How the Sowetan got it wrong- AGAIN….

A journalist friend of mine asked me a really good question about this Sowetan debacle, a second one in two weeks. His question made me think deeper about what is offending me about this story. The question he asked was:  Is media (or a newspaper in this instance) a reflection of society? A mirror on which society sees itself?

You see, one big lesson I will never forget in my working life was learning the difference between CONTENT and PROCESS and that the integrity of any situation depends on an alignment of both.
The question he was asking is a content question: the activities that these people engage in truly is a reflection of our society. It could be me in that video for example. There are things that we love to do sometimes that we are not proud of. And these cops behaviour is a content issue to be debated and discussed, if the public is interested.
But HOW this content is brought into the public domain, is a different story(pun intended)- if in the midst of your process to bring the story you break every rule of decency and orderliness- however it’s defined: you break the law and manage to obfuscate any message you were trying to send- then the purpose for your action is defeated. (for example Act 65 of 1996 as amended, at least s28 of the constitution,  S1.7 of the press code of professional practice- to name a few).
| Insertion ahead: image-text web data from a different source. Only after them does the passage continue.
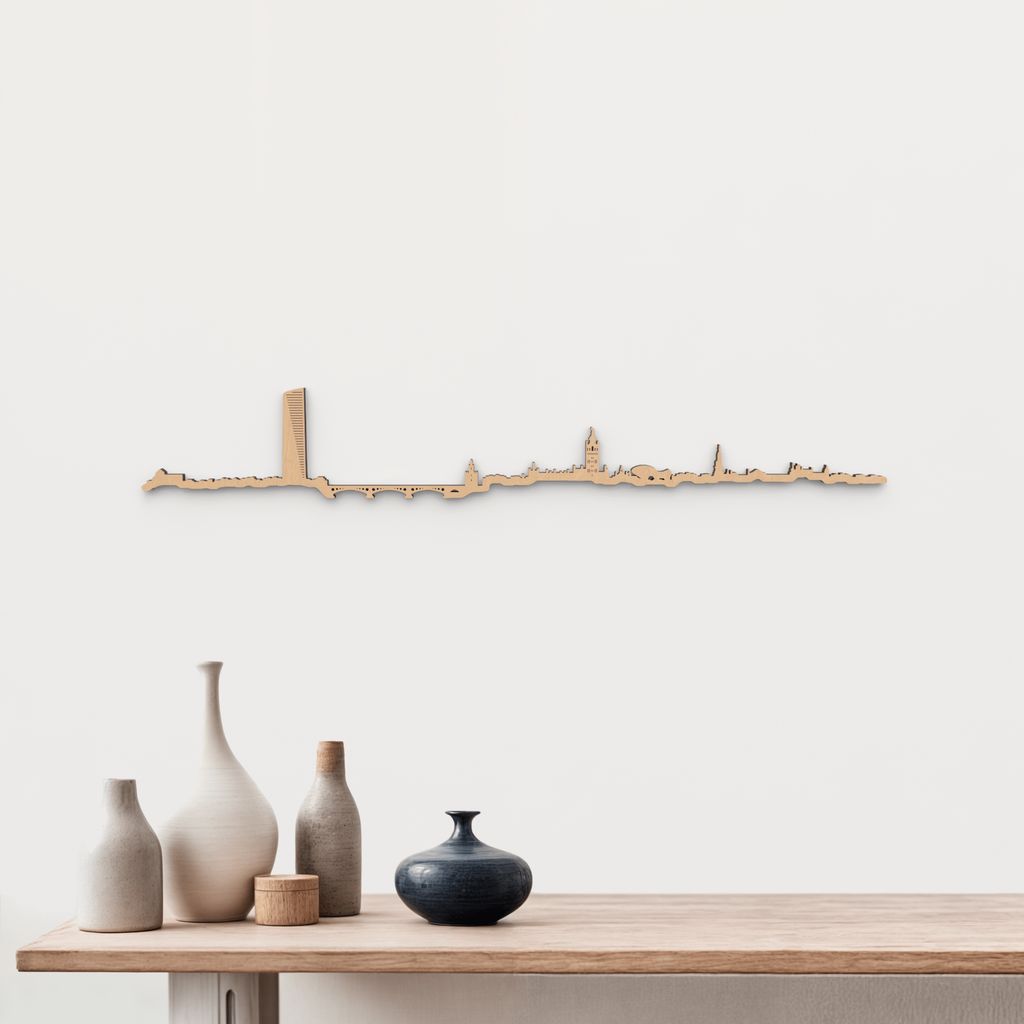 Silueta skyline de Sevilla en madera de abedul color marrón para decoración mural.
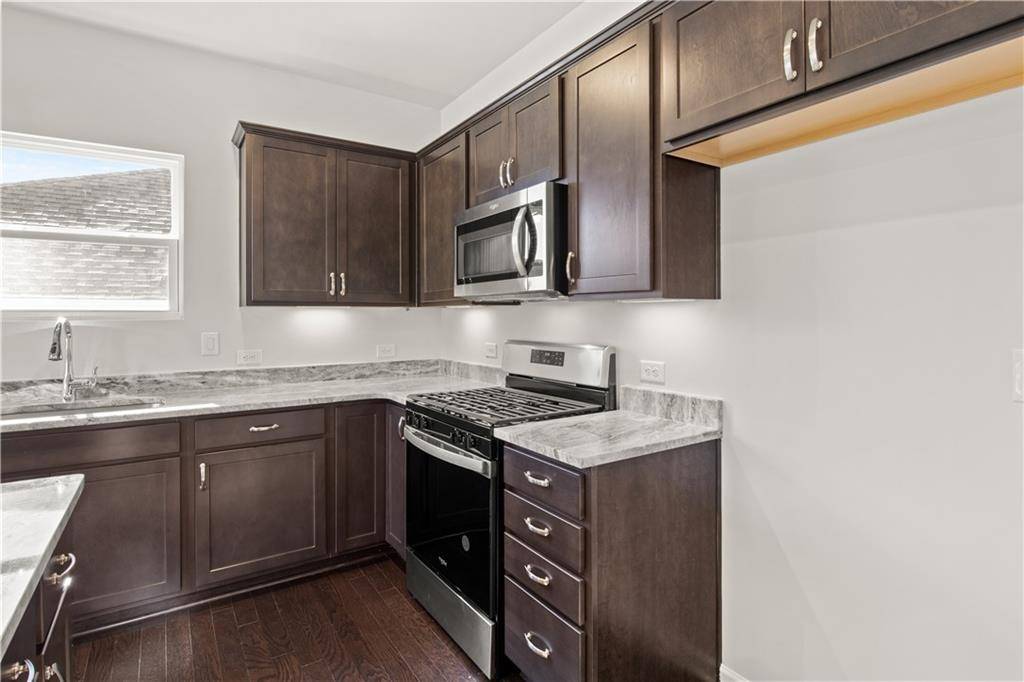 Fairburn, GA 30213,359 Village LN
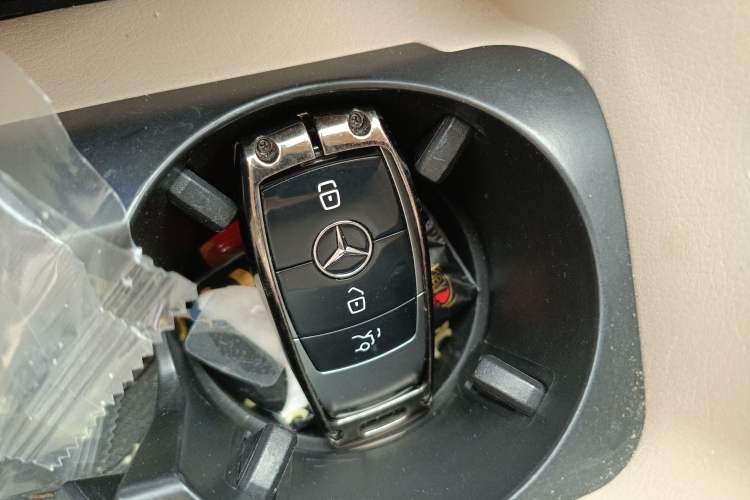 Used Mercedes-Benz Vito 2018 2.0T Business Version China VI Emission Standard Interior 1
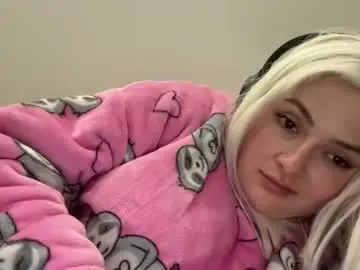 Chaturbate Free Live Porn of emily_morning_dew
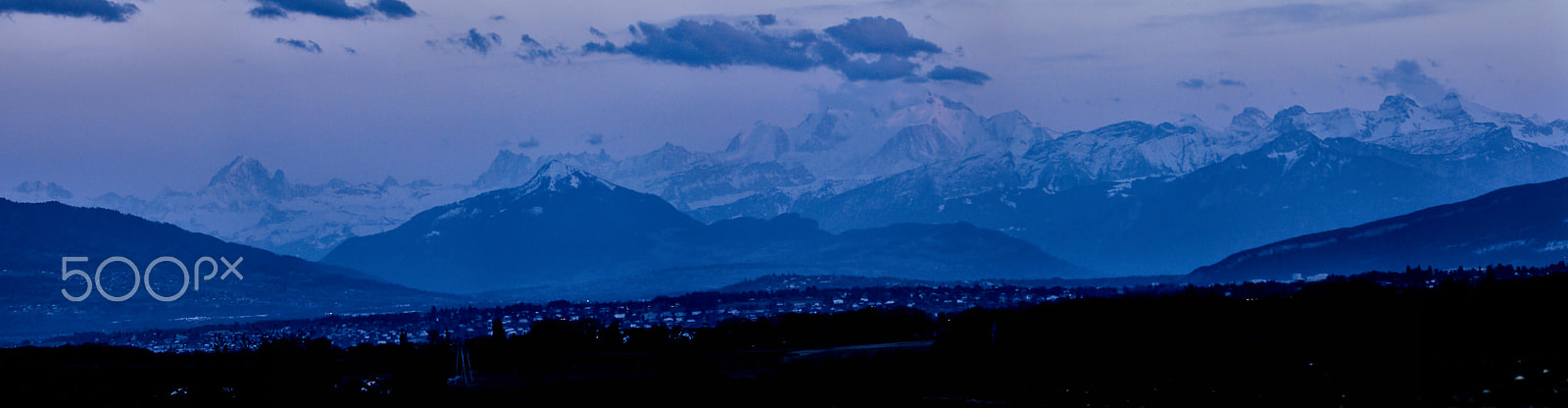 Minolta AF 300mm F2.8 HS-APO G sample photo. Mont blanc - panoramic photography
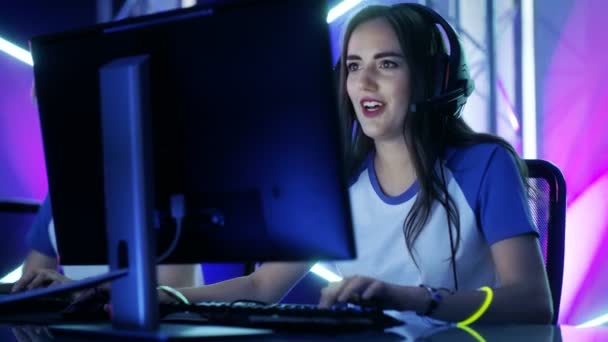 Beautiful Professional Gamer Girl y su equipo participan en eSport Cyber Games Tournament. Ella tiene sus auriculares y colorida banda en. — Vídeo de stock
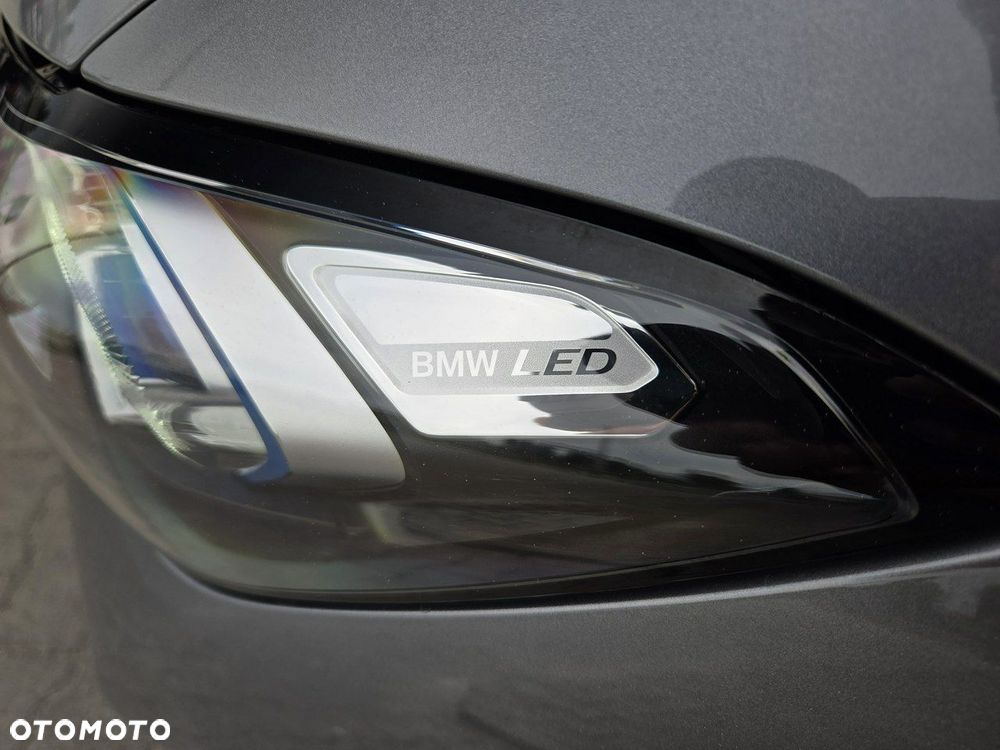 BMW Seria 3 M340i xDrive sport - 12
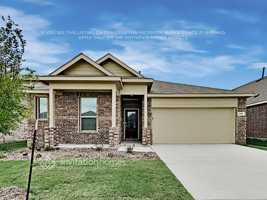 featured image of 656 Ridgeback Trl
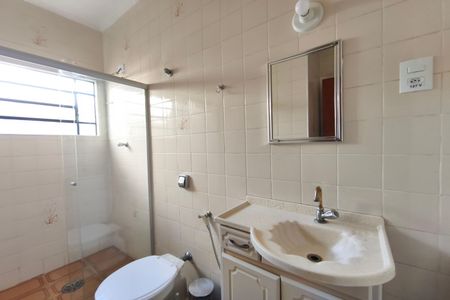 Casa para alugar com 120m², 3 quartos e 3 vagasBanheiro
So the paper has at least twice in two weeks demonstrated how it has failed in its awareness of rules of content and process.
A long answer to his short question: yes, the media is a mirror to society- but it depends also on who is holding the mirror, because what society sees is very much depended on where the mirror is facing and who is holding the mirror. And right now i do not trust the holder of the mirror, therefore I will never accept that it’s a reflection of me. (Incidentally my job involves holding a mirror to leaders everyday- the only reason they should even be listening to me is because of the credibility I carry in their eyes- otherwise, all my reflections are deflected back to me.)

So because of their not paying attention to process, Sowetan has once again deprived society of an opportunity to examine itself through dialogue. Raising the right issues in the wrong way. The perfect example of how they missed this can be heard in Thabiso Sikwane’s show on kaya fm last night- where all people were focused on was the newspaper and its treatment of the story, not the dialogue she was raising about this issue. And if that sample of messages is any benchmark to go by, the newspaper totally failed to achieve its “public interest” purpose- because no one even bothered to talk about those last two or three lines about the uniform and the police.

As a general reflection, I believe this precisely one of our journalistic challenges. Driven by intention, however noble or not- most of our journalists chase the sensation and ignore the integrity that process brings into their content.


I’m sure they made a lot of money though…was that perhaps the true intention?